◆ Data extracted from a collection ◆
☆ ☆ ☆ ☆

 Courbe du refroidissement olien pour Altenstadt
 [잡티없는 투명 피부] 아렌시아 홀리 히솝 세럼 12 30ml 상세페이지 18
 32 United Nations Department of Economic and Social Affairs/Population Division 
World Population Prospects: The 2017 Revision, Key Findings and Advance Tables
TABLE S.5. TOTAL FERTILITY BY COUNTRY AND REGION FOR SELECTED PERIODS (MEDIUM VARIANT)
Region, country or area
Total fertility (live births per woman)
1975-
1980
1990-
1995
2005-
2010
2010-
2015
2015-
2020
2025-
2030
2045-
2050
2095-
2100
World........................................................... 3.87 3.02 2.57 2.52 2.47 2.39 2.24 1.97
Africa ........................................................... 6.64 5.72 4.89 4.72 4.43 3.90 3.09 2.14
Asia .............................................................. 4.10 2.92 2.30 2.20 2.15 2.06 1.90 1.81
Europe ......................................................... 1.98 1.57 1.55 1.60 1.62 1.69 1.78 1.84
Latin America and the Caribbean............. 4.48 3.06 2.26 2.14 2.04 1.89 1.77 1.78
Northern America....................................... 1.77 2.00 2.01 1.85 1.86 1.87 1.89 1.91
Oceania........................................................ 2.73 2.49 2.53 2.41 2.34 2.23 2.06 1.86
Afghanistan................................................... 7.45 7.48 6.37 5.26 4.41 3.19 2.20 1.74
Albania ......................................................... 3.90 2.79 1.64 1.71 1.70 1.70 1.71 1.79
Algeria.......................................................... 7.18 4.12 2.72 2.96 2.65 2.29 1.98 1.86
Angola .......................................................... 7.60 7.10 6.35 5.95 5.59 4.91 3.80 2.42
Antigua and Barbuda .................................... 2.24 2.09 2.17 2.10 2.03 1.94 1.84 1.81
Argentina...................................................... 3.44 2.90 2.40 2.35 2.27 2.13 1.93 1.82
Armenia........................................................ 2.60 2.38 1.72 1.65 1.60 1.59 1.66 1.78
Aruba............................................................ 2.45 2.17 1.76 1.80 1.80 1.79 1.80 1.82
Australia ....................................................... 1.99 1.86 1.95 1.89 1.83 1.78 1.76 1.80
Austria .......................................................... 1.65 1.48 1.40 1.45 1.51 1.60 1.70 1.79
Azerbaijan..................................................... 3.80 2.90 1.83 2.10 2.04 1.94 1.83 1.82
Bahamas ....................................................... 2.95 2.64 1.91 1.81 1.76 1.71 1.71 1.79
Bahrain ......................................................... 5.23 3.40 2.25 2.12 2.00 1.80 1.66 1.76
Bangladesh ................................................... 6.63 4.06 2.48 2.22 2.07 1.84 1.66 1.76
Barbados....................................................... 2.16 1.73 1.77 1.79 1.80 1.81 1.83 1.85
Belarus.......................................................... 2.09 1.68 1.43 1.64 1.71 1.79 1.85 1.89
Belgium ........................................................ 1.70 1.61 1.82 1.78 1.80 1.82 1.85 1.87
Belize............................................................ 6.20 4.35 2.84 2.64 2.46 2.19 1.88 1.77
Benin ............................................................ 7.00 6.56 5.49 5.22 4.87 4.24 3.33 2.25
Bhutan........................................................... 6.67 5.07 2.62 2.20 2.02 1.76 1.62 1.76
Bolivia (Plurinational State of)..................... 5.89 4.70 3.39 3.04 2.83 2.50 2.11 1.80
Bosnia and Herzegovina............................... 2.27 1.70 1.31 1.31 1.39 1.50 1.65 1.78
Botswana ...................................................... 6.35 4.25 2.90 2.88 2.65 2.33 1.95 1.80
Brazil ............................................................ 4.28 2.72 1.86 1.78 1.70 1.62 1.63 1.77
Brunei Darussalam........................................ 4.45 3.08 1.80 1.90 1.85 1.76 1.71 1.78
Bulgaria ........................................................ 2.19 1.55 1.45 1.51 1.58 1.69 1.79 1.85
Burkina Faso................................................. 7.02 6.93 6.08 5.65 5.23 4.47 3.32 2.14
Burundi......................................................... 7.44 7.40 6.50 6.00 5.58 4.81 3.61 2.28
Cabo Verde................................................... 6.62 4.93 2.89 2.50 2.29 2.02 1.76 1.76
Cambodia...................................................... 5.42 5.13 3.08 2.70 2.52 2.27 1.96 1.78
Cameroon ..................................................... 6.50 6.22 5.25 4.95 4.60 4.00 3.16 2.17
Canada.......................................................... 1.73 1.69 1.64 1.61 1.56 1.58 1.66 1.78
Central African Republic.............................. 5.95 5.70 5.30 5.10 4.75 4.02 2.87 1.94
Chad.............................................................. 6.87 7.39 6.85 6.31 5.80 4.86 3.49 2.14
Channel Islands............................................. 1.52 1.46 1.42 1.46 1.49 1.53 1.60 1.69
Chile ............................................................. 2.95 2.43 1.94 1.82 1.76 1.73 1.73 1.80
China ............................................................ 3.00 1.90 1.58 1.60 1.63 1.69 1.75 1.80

☆ ☆ ☆ ☆

List every line from the entries above in which "World" appears.

◆ EXERCISE ANSWER ◆
World Population Prospects: The 2017 Revision, Key Findings and Advance Tables
World........................................................... 3.87 3.02 2.57 2.52 2.47 2.39 2.24 1.97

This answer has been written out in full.